Give again, exactly as written, each line of the material below starting at the line that contains "Hiseeu Dual Lens" and ending at the line that contains "Pre-owned Madison Beverly". Both ends count, and no other line does.

_Information given_
_ _ _ _ _ _ _
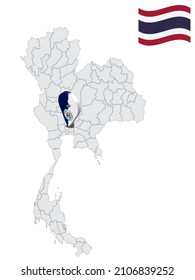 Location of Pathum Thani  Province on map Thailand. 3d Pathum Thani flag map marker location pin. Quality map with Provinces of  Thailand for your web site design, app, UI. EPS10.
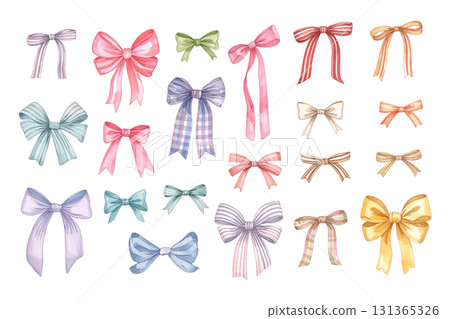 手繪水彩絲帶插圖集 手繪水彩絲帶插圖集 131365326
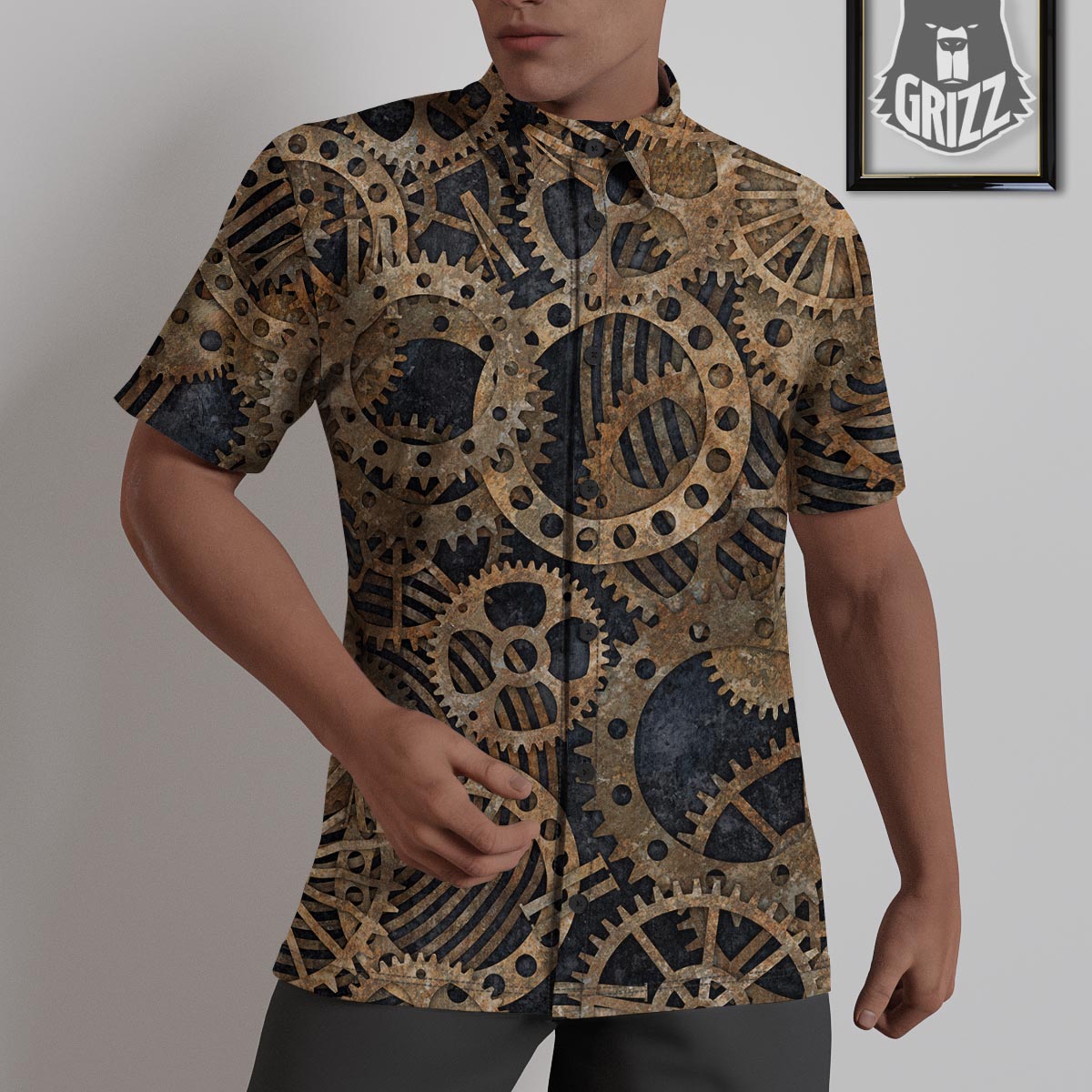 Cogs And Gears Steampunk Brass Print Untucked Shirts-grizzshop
_ _ _ _ _ _ _
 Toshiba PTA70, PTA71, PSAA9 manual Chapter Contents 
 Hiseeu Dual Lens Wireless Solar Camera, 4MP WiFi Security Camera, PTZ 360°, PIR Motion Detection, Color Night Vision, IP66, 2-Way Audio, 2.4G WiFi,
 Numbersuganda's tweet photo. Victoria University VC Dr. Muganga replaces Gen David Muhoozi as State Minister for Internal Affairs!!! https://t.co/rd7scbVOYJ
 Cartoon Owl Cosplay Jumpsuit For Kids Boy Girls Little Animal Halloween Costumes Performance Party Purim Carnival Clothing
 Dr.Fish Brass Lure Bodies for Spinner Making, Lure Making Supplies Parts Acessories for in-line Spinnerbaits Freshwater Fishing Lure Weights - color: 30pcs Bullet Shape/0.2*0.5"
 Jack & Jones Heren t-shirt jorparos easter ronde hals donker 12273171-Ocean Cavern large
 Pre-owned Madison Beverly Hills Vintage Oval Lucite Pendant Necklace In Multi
_ _ _ _ _ _ _
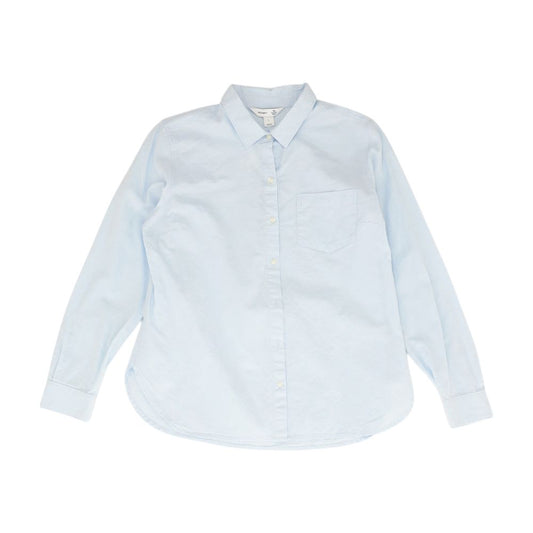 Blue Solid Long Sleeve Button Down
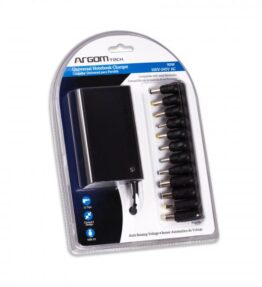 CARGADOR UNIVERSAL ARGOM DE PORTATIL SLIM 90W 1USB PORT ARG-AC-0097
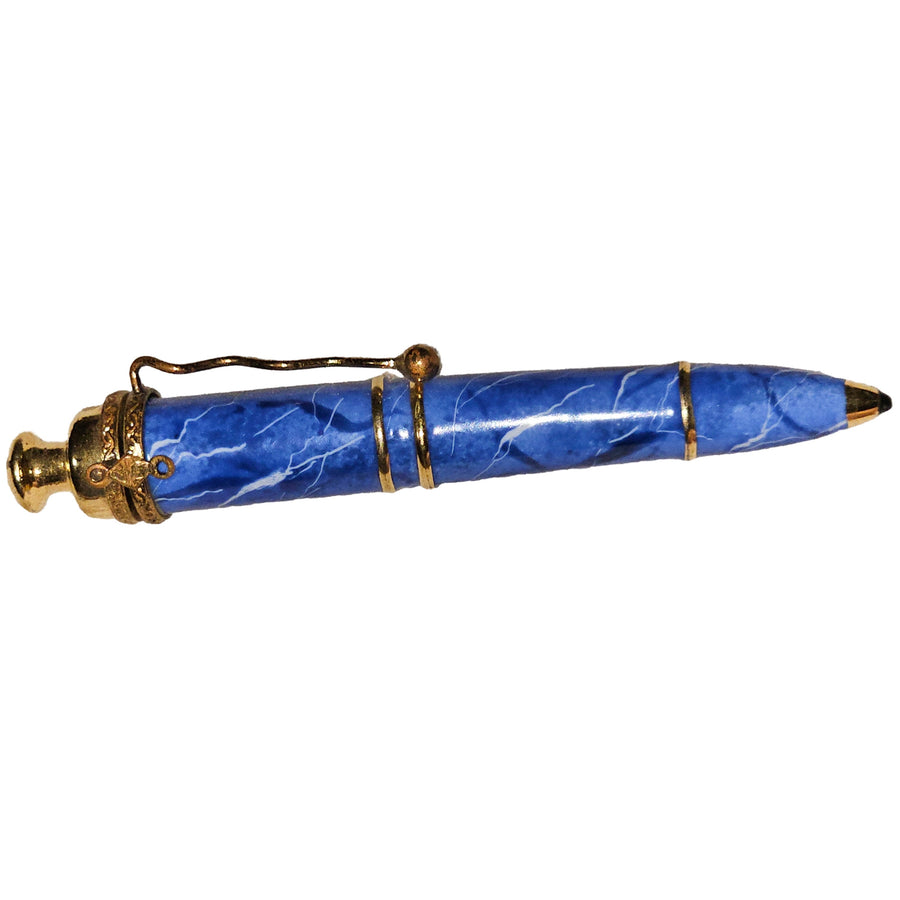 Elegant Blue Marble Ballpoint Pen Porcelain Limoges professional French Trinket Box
_ _ _ _ _ _ _
_Response_
 Hiseeu Dual Lens Wireless Solar Camera, 4MP WiFi Security Camera, PTZ 360°, PIR Motion Detection, Color Night Vision, IP66, 2-Way Audio, 2.4G WiFi,
 Numbersuganda's tweet photo. Victoria University VC Dr. Muganga replaces Gen David Muhoozi as State Minister for Internal Affairs!!! https://t.co/rd7scbVOYJ
 Cartoon Owl Cosplay Jumpsuit For Kids Boy Girls Little Animal Halloween Costumes Performance Party Purim Carnival Clothing
 Dr.Fish Brass Lure Bodies for Spinner Making, Lure Making Supplies Parts Acessories for in-line Spinnerbaits Freshwater Fishing Lure Weights - color: 30pcs Bullet Shape/0.2*0.5"
 Jack & Jones Heren t-shirt jorparos easter ronde hals donker 12273171-Ocean Cavern large
 Pre-owned Madison Beverly Hills Vintage Oval Lucite Pendant Necklace In Multi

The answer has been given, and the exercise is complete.